# [PROBLEM DESCRIPTION]
Retype, word for word, only the lines from the one containing "This option is" through the last line of the listing below. Pictures do not belong in the result.

*-*-*

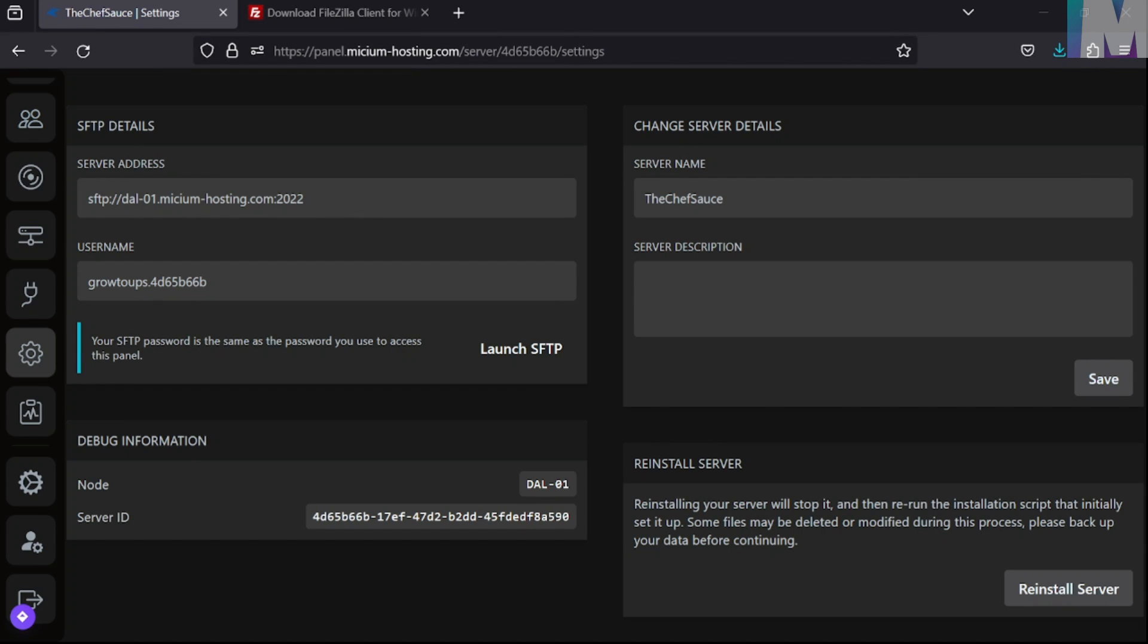Hello guys, it's Grotips. For a mission listing, I'm going to show you how to use SFTP with FileZilla to connect to your Pterodactyl server.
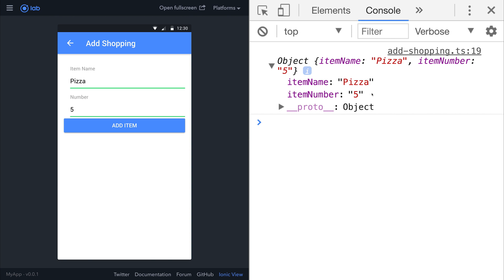At this point, we have the ability now to capture an input from our form, and we're simply logging it out to the console. Let's now look at how we can commit this data to our Firebase database.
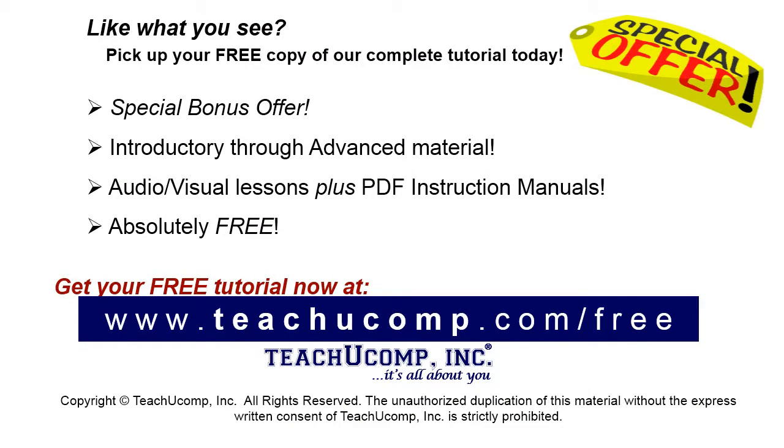Like what you see? Pick up your free copy of the complete tutorial at www.teachucomp.com forward slash free.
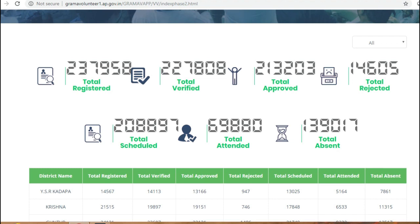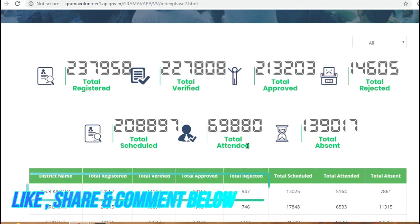You can also find the link in the description. We will show you the total registration, approved, rejected, schedule, etc.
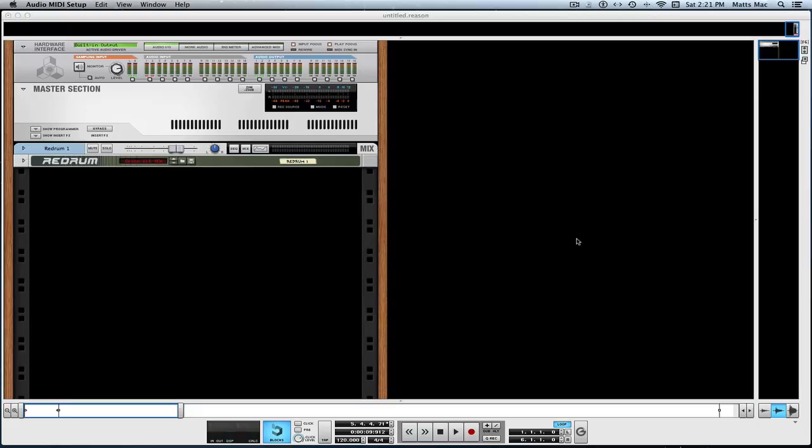Welcome to another session from learnhowtoreason.com and this is day five in our Reason 7 in seven minutes in seven days. And oh boy, this is gonna be a good one because external MIDI is here now in Reason 7. Awesome!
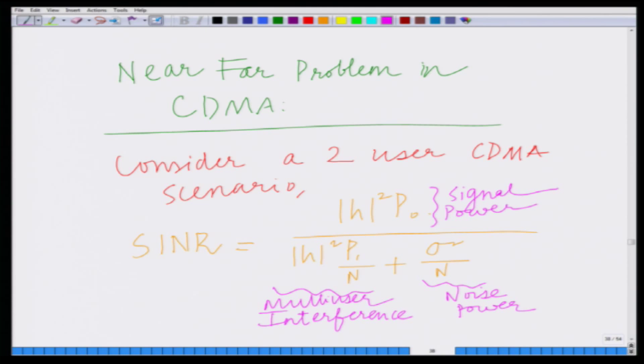This is the signal to interference plus noise ratio in a 2-user CDMA scenario with channel coefficient magnitude h, power of user 0 given by P₀, power of user 1 given by P₁, N is the length of the spreading code, and σ² is the variance of the noise at the receiver.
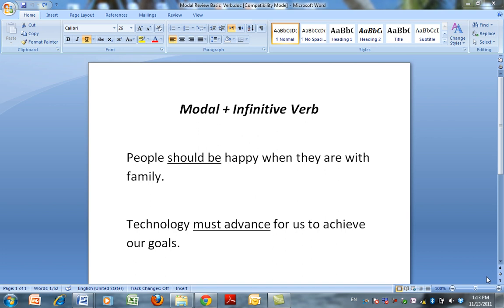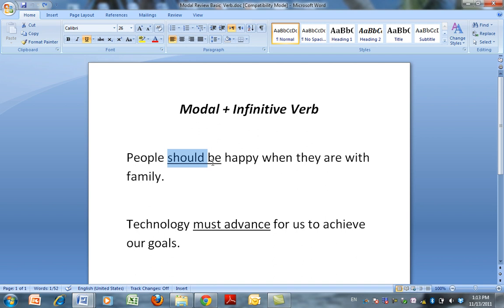This video is not designed to teach you all the modals, but it's to remind you and to emphasize the idea that when you use a modal word, like should, what follows is the infinitive verb. So, for example: people should be happy when they are with family.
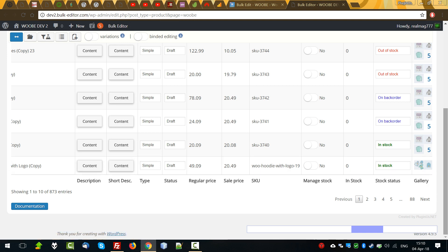And one other thing. For example, we have a lot of products and we are at the bottom of the page. To back to the top of the page, we can click on the empty space of the horizontal admin bar.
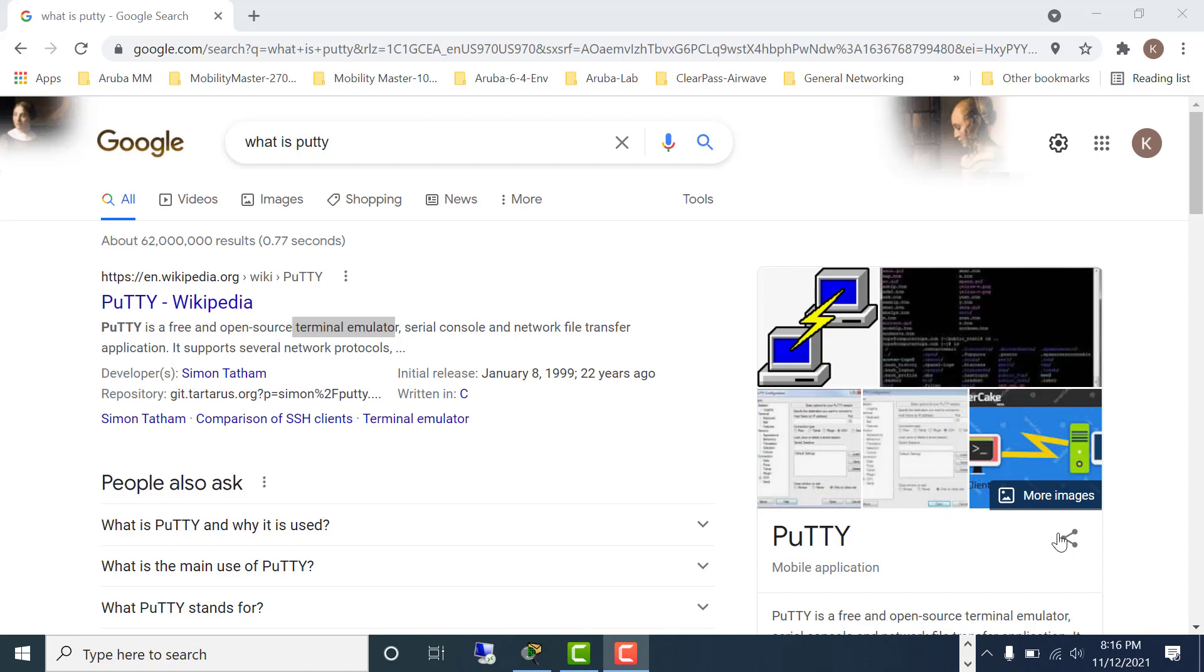In this video, we are going to look at how to install PuTTY on your Windows 10 computer and use that as a serial console to connect to a Cisco switch, and I'm going to show you how to use it as a terminal emulator also.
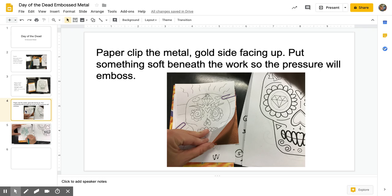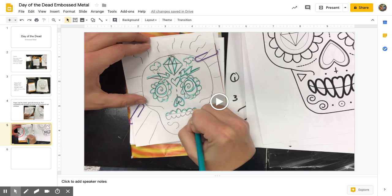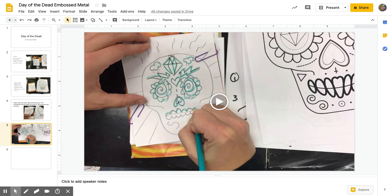I'm going to use a colored pencil to go over my drawing so I can tell where I've been. It is not necessary to change colors with the colored pencils because it doesn't matter. All you're trying to do is see where you've been before. So go ahead and watch this stop motion video to understand better what is going to happen.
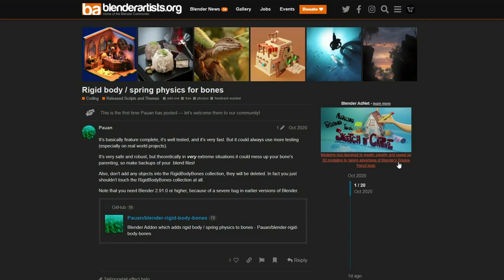Moving over to the Rigid Body Spring Physics for bones. It's a mouthful, especially when you're Scottish. It's basically feature complete, well tested, and very fast, but could always use a little bit more testing. The add-on adds Rigid Body and Spring Physics to bones — you always need a little bit of physics in your bone.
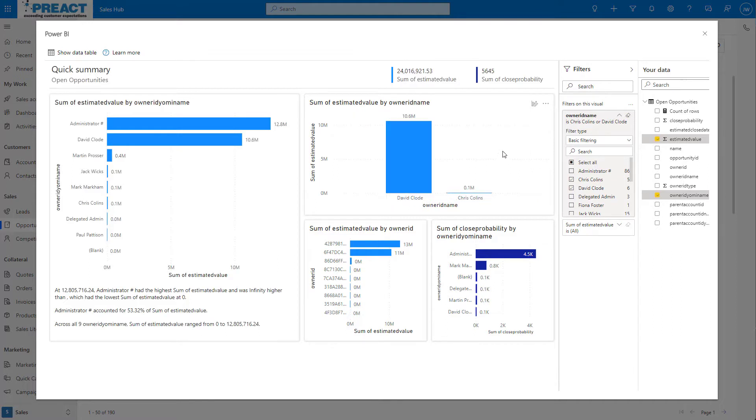Having these reports built in is great as it means that end users do not need to know how to author Power BI reports. Instead of having to wait for a Power BI expert to create a new dashboard, this new feature makes visualizations more accessible to everyone on demand within Dynamics.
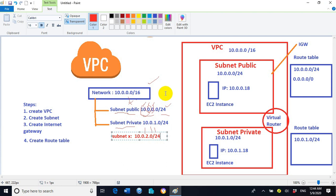We can understand this in a layman's style. 10.0.0.0/16 is just like a big cake. Out of the big cake we can create many pieces — as many as we want, as per our requirement. These pieces out of the big cake are similar to subnets: subnet public, subnet private, subnet X, subnet Y. All of the subnets are created out of the one network, 10.0.0.0/16.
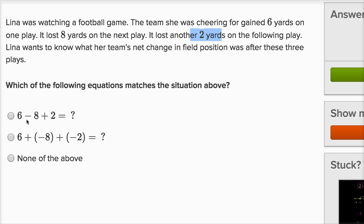This option is six minus eight but then plus two, so this isn't right. This one is six plus negative eight, which is equivalent to six minus eight, plus negative two — so this would be equivalent to six minus eight minus two. Another way to think about it: they gained six yards, then lost eight yards, and then lost another two yards. So definitely go with that one.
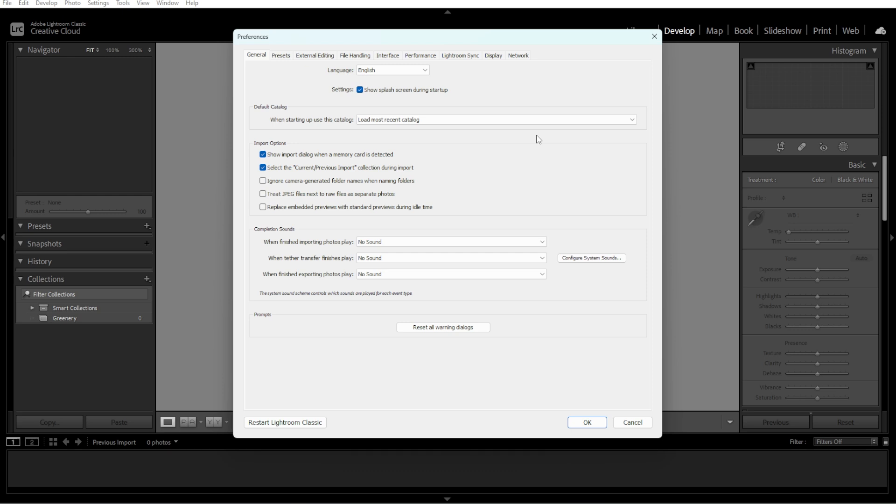By following these steps, you can safely and efficiently change the location of your Lightroom catalog while keeping all your work intact.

*-*-*

# [FINISHED EXERCISE]
This option is six minus eight but then plus two, so this isn't right. This one is six plus negative eight, which is equivalent to six minus eight, plus negative two — so this would be equivalent to six minus eight minus two. Another way to think about it: they gained six yards, then lost eight yards, and then lost another two yards. So definitely go with that one.
By following these steps, you can safely and efficiently change the location of your Lightroom catalog while keeping all your work intact.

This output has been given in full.